Por esse critério, a Rússia garante o primeiro lugar no ranking. Lá, os ativos pessoais de empresários ligados a setores que mantêm relações perigosas com o governo excede 15% do PIB. Em segundo lugar no ranking da patifaria vem a Malásia, onde praticamente todos os bilionários listados pela revista Forbes devem sua fortuna a relações com o governo. A posição do Brasil surpreende. Não estamos mal na foto. No ranking do ano passado, ficamos em 15.º lugar, entre Reino Unido (14.º) e Estados Unidos (16.º). Na lista de 2014 estávamos em 13.º; o índice diz que estamos melhorando. “Há mentiras, malditas mentiras e estatísticas”, já dizia Mark Twain.

Seja como for, pensar que há lugares piores não pode nos dar conforto. A delação dos controladores da JBS é um episódio embaraçoso que atesta uma deplorável intimidade entre interesses públicos e privados – um jornalista fez a imagem de que Michel Temer recebeu Joesley Batista no Palácio do Jaburu vestindo pegnoir, tamanha a falta de cerimônia. Mas sejamos otimistas, em meio a esta hecatombe. Claro que nada está tão ruim que não possa piorar ainda mais, mas temos hoje uma oportunidade de refletir e tomar medidas práticas para fazer com que regras de mercado baseadas na impessoalidade e no primado da lei avancem e tomem espaço do capitalismo de compadrio.

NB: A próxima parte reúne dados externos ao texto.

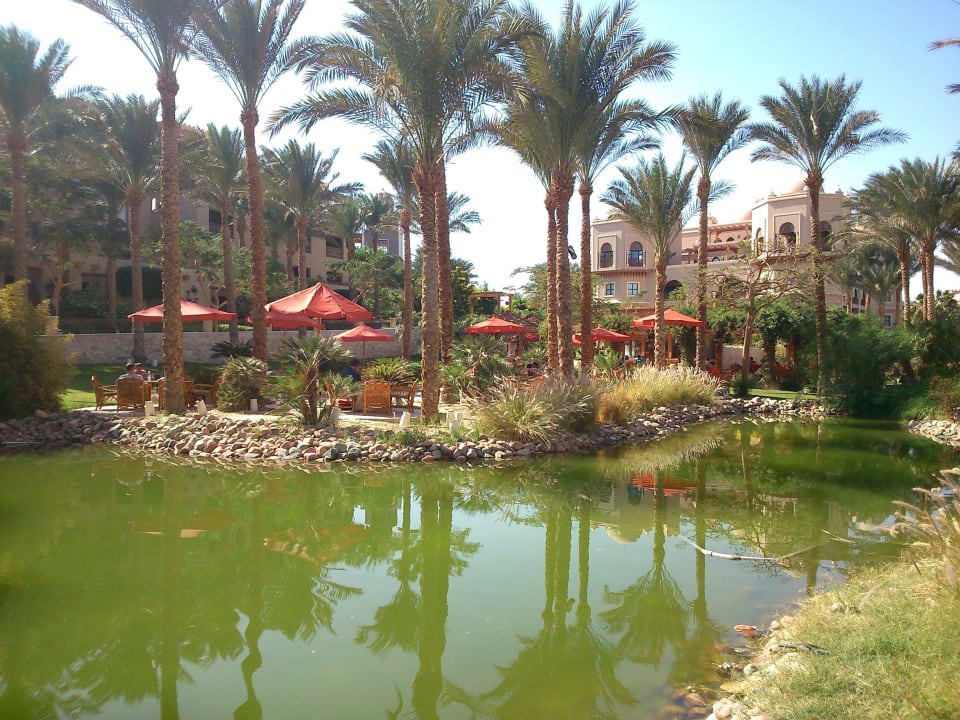 Teich beim Sun Set,links das Makadi Spa Makadi Palace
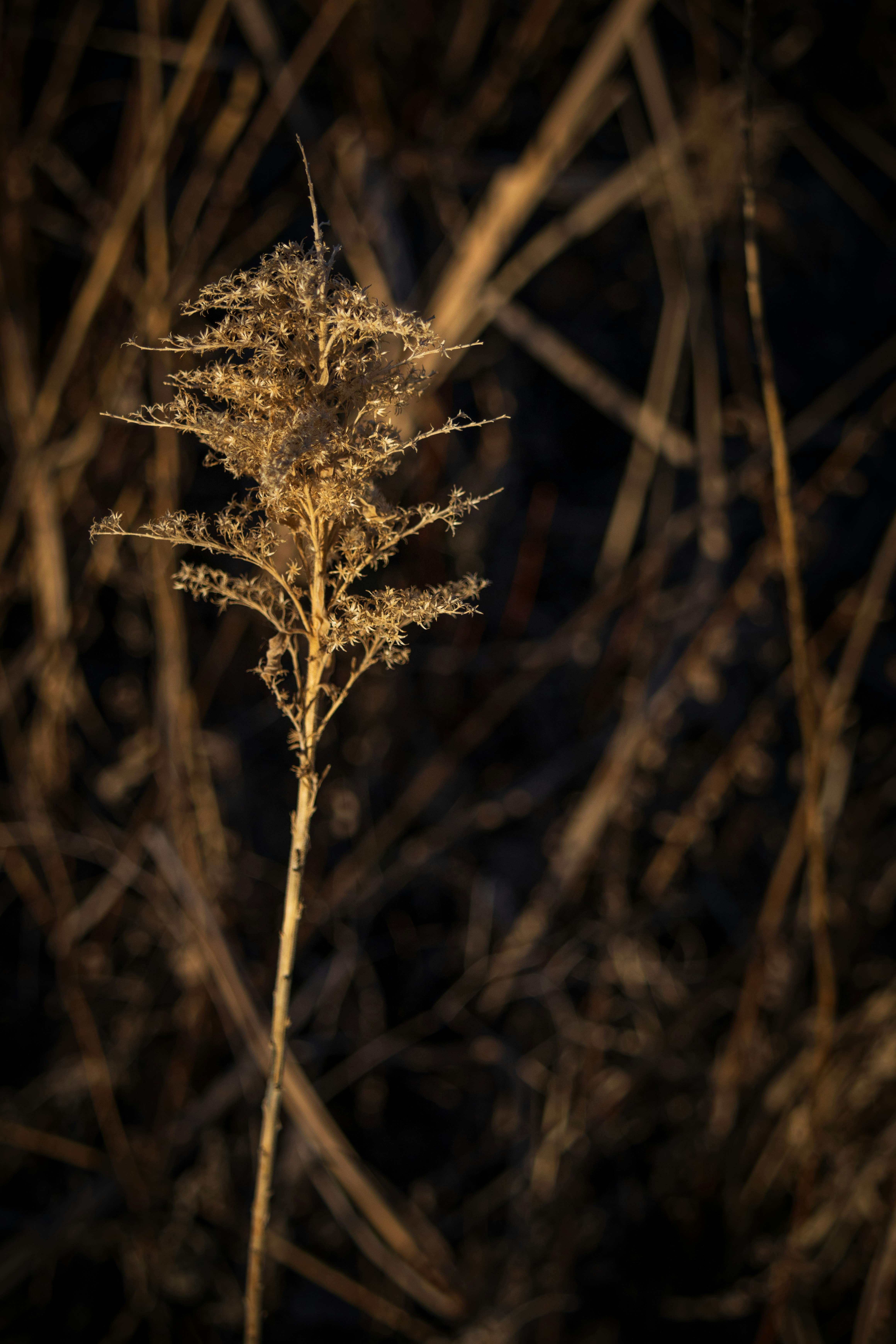 Photo by brandonstoll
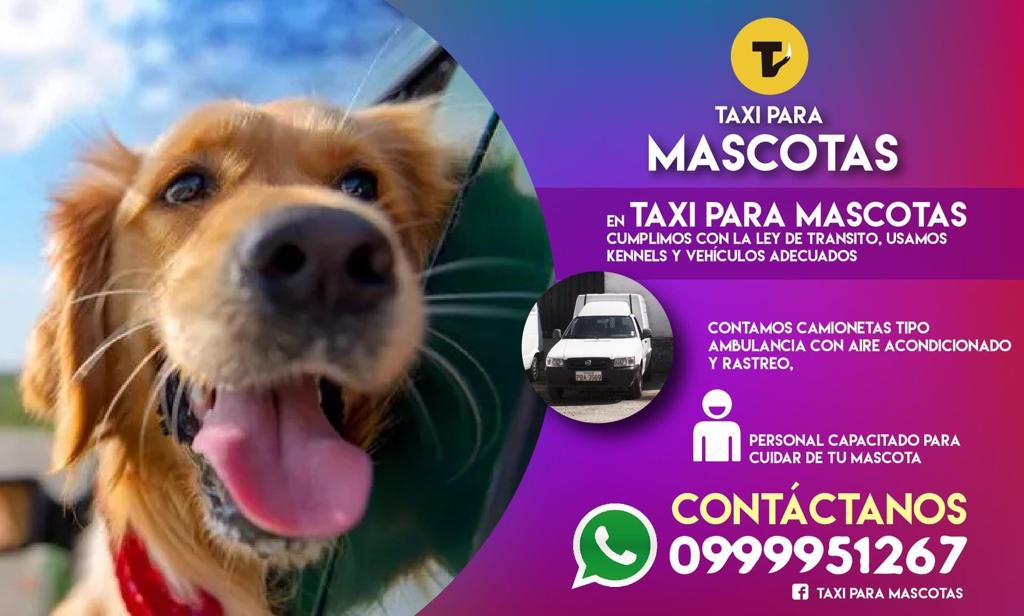 DesdeCeroMP's tweet photo. Dr. Diego Pazmiño es propietario de Taxi para mascotas, negocio que lleva 7 años transportando perros y gatos en la ciudad de #Quito. Cuentan con 2 ambulancias y jaulas de transporte apropiado para su movilización segura.
 
📻 Escúchanos en la 105.3FM y en https://t.co/NPa2yU8V57 https://t.co/lQiqoyFWp1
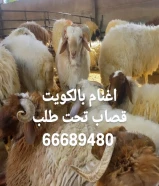 قصاب الكويت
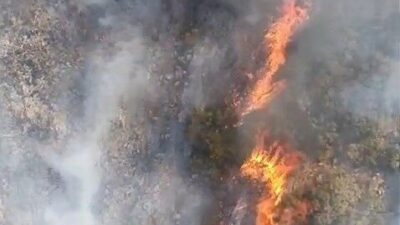 Nilüfer ilçesindeki tarım alanındaki yangın Hasanağa Mahallesi’nde başladı ve kısa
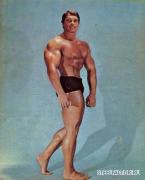 Arnold_Schwarzenegger_498.jpg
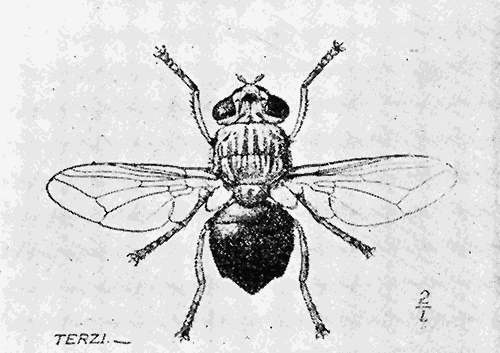 83. Dermatobia cyaniventris (�1&frac34;). After Graham-Smith.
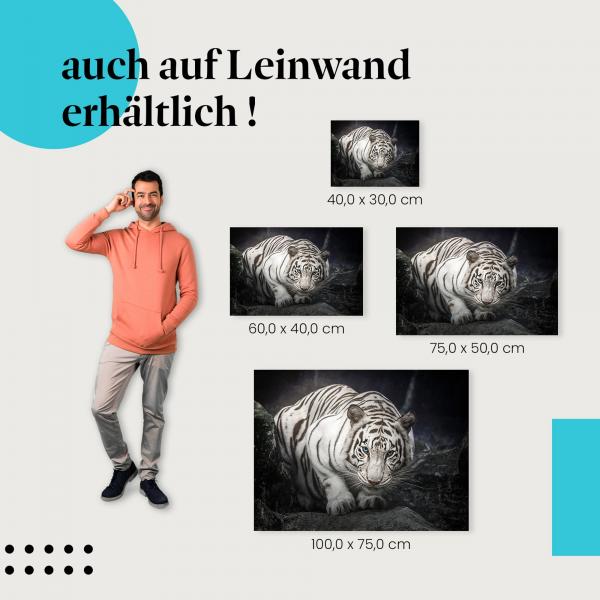Mächtiger weißer Tiger mit blauen Augen fixiert den Betrachter als Leinwandbild - beeindruckendes Tierportrait.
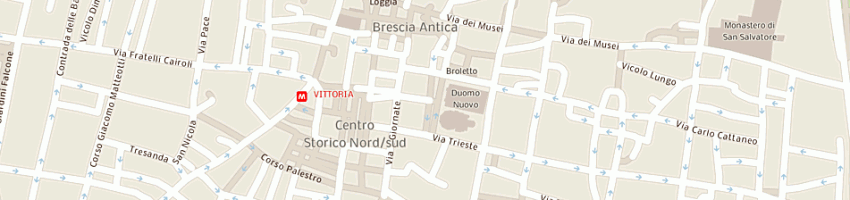 Mappa della impresa bassini e c di bassini silvana sas a BRESCIA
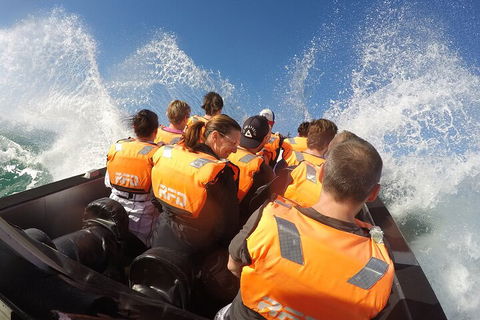 Noosa Thriller - 500hp Ocean Adventure Ride - Accommodation Port Macquarie 4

Precisamos de mais mercado, mais competição e menos licenciosidade. Para isto, no entanto, é preciso assegurar que delação não pode significar impunidade. Da maneira como foram combinadas as coisas com a JBS, o crime compensa e recompensa. Mas aqui vai o grão de otimismo: a própria estultice da empresa, que, ao que tudo sugere, operou no mercado financeiro com informações privilegiadas, tem tudo para ser a chave para reavaliar a premiação excessiva.

Só a certeza da impunidade e o completo desprezo pelas leis podem explicar a ideia de jerico de comprar dólares e vender ações da própria empresa de forma irregular. Como essas operações são registradas em todas as suas minúcias, isso é tão inteligente quanto um ladrão apontar uma arma para o caixa de um banco e exigir que todo o dinheiro seja transferido para sua conta. A Comissão de Valores Mobiliários tem diante de si a oportunidade de fazer parte da história e mudar o Brasil.